O SISTEMA DA MENTIRA
O pior fenómeno na sociedade portuguesa é a mentira. Todos mentem convincentemente e depois esquecem-se do que disseram. É um mal que afecta o crescimento económico, os desfalques, os rendimentos das grandes figuras de pau santo, as declarações de conluios nas Universidades, a administração nos hospitais, a dívida do Estado, o desemprego, a liberdade na comunicação social, o controle dos indivíduos na sua esfera privada, a produção efectiva do país, e, de uma forma geral, tudo o que diz respeito aos super-ricos e à sua deslocalização. Na realidade, de que valeria ser super-rico, se depois se tinha de tratar nos hospitais do povo, mandar os filhos para a escola do povo, comer com o povo, falar com o povo e pagar impostos como o povo. Os passarões não são galinhas de aviário. Perguntaram a Sócrates um dia em que ele repousava junto de um quinta no mar Egeu, rodeado dos seus escravos:
--- Diz-me. Ó Sócrates, que fazem os peixes grandes no mar?
Sócrates mediu o seu estudante distraidamente e deu-lhe a resposta que parecia certeira como um tiro de arco:
--- O mesmo que fazem os homens na terra. Os maiores comem os mais pequenos.
Poderemos ficar espantados e até um pouco tontos com a brutalidade do filósofo grego, mas ele só enunciava o resultado de uma observação repetida a que ele se tinha entregue desde que se entregara à alta reflexão política e filosófica.
Nada mudou de então para cá. Mudaram os aspectos de como as coisas se realizam, mas não mudaram as categorias de Aristóteles nem a aplicabilidade das observações socráticas anotadas por Platão, nos anos de ouro daquela sociedade influente.
Penso que é preferível uma verdade pungente a mil mentiras dulcificantes, calmantes, amortecedoras, vaticinantes de futuros melhores. Os realistas das organizações mundiais já declararam que os portugueses até 2017 vão conhecer uma descida do seu nível de vida. Nada de estranhar: não é o que andava a proclamar Medina Carreira como profeta há anos? O desemprego e o encerramento de fábricas não se multiplica?
Até quando vão os senhores do poder, engravatados, bem comidos, bem viajados, à nossa custa, com brutos carros, um exército de motoristas e secretárias, aguentar o País e os credores com mentiras? Há um limite para a mentira razoável, mas já não há mentiras que sustenham um país a fazer de conta.

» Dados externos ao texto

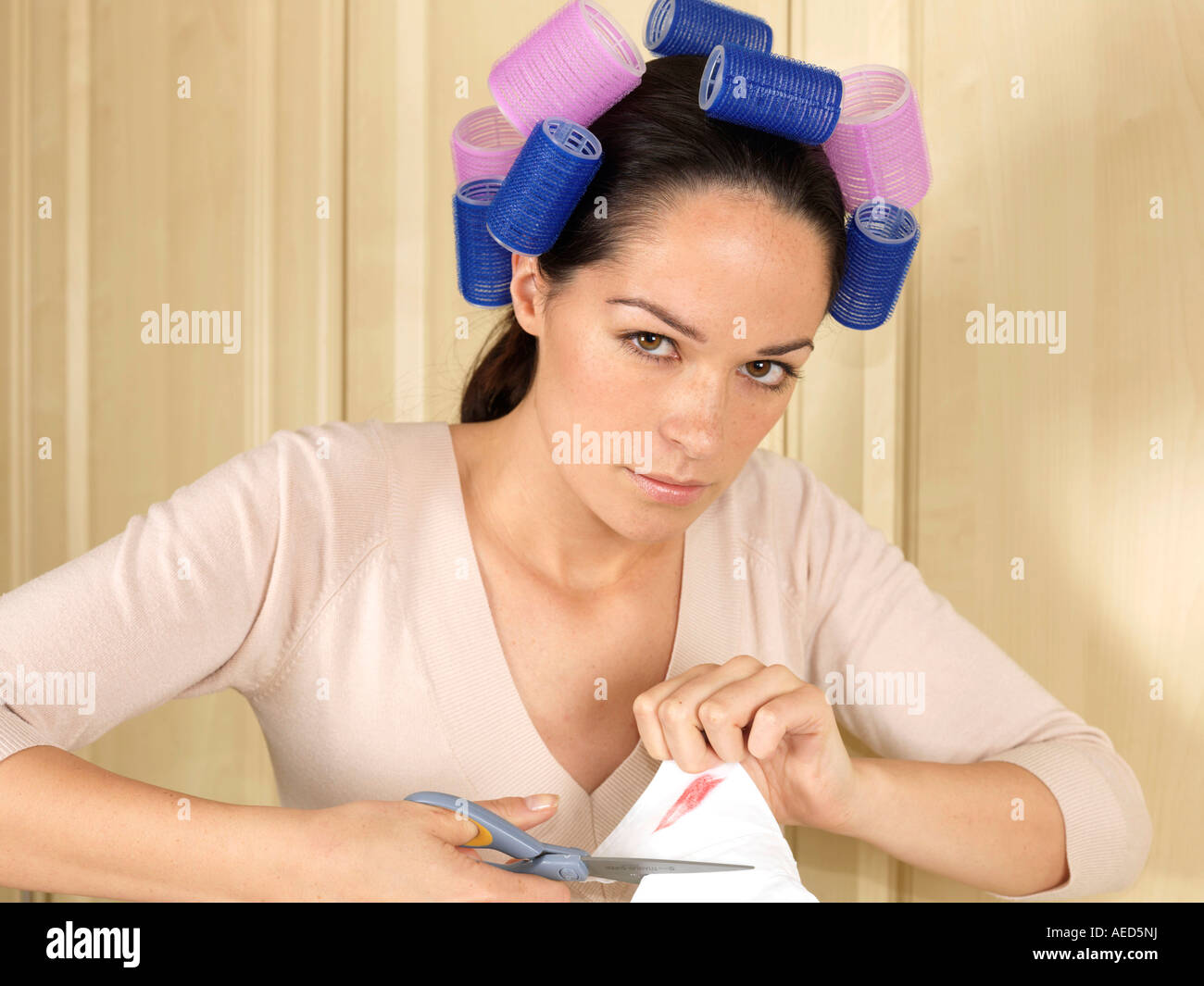 Angry Woman Cutting Shirt Model Released Stock Photo - Alamy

Sentir-nos-íamos muito bem se pudéssemos concordar com tudo o que diz, no seu optimismo saxónico, Álvaro Santos Pereira (Os Mitos da Economia Portuguesa), que acredita num sistema de incentivos para a mudança. Mas quem decreta os incentivos bons e adequados? Não serão os mesmos autores deste pântano de leis que nos fazem reféns de um país nas nuvens? Era óptimo que fôssemos como Alice, para passar para o outro lado do espelho.